[Scraped caption text data]
————

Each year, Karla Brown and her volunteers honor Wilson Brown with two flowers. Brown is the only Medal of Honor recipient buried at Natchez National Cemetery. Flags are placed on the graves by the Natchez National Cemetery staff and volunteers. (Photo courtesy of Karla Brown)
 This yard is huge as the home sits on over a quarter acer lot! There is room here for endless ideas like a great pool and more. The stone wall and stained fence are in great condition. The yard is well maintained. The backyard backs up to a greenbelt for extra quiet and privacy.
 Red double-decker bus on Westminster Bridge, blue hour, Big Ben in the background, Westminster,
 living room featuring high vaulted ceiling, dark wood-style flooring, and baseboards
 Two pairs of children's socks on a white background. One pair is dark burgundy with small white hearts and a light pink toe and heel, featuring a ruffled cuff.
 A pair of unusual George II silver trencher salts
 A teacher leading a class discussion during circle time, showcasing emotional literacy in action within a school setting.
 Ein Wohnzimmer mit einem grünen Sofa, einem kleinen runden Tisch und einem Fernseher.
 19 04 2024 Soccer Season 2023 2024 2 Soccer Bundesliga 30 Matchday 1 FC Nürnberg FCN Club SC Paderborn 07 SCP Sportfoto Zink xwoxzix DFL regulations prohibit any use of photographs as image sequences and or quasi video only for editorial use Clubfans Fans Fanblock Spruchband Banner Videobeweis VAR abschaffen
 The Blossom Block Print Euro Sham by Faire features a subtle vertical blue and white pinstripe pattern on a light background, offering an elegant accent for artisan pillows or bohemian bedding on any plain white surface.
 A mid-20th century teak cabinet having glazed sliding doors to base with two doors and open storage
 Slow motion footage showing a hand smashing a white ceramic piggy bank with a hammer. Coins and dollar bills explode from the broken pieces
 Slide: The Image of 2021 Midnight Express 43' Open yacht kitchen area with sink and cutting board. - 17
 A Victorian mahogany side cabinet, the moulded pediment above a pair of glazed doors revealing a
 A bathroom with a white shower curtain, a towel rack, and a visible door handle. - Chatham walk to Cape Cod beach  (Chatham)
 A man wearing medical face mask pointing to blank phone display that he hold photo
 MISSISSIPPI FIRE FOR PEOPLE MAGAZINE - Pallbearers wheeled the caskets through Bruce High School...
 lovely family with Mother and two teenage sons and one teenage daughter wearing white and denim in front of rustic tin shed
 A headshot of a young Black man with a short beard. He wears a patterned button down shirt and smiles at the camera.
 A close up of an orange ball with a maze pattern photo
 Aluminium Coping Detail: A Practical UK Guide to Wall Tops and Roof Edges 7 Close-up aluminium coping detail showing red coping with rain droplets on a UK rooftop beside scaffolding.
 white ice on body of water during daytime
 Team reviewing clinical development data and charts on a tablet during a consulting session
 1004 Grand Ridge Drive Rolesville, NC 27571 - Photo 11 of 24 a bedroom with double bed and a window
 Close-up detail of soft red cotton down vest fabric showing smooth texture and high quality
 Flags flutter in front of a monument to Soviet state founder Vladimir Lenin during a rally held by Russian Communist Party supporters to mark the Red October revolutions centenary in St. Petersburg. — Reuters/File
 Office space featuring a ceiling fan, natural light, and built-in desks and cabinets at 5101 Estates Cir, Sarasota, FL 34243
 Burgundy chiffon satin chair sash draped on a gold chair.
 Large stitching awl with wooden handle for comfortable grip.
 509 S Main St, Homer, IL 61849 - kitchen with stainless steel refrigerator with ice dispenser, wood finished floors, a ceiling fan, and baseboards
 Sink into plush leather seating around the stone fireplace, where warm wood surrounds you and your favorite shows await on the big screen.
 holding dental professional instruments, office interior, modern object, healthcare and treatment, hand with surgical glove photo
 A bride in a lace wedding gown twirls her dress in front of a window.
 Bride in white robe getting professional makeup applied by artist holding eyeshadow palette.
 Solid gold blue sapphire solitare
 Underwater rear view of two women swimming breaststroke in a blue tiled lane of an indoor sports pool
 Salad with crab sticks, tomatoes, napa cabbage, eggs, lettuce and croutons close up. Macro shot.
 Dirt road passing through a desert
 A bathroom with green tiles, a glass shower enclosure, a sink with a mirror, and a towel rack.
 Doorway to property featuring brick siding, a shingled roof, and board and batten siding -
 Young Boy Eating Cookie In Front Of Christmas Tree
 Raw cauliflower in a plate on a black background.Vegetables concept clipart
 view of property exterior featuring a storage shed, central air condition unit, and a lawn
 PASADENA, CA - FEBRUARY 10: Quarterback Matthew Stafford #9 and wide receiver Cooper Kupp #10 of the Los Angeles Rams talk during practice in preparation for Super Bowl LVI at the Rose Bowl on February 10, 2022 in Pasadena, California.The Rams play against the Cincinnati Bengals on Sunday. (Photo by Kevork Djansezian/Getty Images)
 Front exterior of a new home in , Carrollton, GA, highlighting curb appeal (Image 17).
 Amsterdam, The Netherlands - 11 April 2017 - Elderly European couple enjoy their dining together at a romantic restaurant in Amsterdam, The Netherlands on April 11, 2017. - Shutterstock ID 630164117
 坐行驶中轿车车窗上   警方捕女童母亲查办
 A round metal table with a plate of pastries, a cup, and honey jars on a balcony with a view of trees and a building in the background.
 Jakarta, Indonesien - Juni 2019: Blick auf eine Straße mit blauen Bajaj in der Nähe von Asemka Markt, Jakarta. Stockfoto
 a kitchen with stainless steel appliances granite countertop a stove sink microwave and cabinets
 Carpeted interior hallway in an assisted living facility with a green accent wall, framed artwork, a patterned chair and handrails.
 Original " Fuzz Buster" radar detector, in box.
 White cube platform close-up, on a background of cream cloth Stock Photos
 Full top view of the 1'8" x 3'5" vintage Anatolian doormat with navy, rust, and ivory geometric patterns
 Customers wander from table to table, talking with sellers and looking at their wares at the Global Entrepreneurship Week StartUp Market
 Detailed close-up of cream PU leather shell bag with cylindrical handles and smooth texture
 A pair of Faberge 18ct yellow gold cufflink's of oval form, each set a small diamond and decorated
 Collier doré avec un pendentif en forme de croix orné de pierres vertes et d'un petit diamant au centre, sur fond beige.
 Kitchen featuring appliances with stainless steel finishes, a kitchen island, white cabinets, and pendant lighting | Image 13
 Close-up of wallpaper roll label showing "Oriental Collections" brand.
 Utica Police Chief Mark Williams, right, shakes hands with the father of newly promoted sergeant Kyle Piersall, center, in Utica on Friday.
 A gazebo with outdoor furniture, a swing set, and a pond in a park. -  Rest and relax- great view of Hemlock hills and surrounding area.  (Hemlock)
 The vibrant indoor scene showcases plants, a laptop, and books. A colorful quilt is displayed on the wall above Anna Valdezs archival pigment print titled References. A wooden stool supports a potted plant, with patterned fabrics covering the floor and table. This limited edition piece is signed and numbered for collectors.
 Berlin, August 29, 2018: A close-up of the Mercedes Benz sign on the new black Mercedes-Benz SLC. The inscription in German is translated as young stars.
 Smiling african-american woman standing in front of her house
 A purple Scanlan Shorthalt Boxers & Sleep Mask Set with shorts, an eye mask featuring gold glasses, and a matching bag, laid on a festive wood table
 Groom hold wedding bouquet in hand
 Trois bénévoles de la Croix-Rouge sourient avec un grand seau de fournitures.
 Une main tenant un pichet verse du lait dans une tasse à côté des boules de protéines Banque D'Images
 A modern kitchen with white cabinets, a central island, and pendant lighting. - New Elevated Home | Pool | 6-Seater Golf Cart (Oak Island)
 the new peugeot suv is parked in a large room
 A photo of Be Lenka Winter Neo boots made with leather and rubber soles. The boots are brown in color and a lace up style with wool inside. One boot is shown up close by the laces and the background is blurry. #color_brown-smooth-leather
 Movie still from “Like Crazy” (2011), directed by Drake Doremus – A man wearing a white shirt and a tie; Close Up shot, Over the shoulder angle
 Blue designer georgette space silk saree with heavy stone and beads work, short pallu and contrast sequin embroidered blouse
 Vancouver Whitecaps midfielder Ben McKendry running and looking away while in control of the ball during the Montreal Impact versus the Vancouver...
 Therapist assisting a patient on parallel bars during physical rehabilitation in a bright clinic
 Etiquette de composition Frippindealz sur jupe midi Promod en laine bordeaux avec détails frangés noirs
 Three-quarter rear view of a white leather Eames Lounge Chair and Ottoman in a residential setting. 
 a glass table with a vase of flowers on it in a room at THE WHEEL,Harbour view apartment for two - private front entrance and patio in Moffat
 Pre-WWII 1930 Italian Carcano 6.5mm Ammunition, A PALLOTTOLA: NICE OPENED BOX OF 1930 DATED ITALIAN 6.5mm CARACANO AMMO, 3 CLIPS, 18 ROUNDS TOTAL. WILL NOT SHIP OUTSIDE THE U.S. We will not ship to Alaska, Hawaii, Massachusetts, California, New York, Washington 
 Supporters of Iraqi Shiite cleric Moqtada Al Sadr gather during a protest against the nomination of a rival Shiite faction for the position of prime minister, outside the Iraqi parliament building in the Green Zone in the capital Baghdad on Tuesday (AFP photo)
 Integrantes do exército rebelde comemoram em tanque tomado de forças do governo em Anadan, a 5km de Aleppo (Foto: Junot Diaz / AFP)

————

● WHAT THE TASK ASKS: Would you print, exactly as written, every line above from the one holding "1004 Grand Ridge" through the one holding "Close-up detail of", with both included and no other lines?

● RESPONSE:
 1004 Grand Ridge Drive Rolesville, NC 27571 - Photo 11 of 24 a bedroom with double bed and a window
 Close-up detail of soft red cotton down vest fabric showing smooth texture and high quality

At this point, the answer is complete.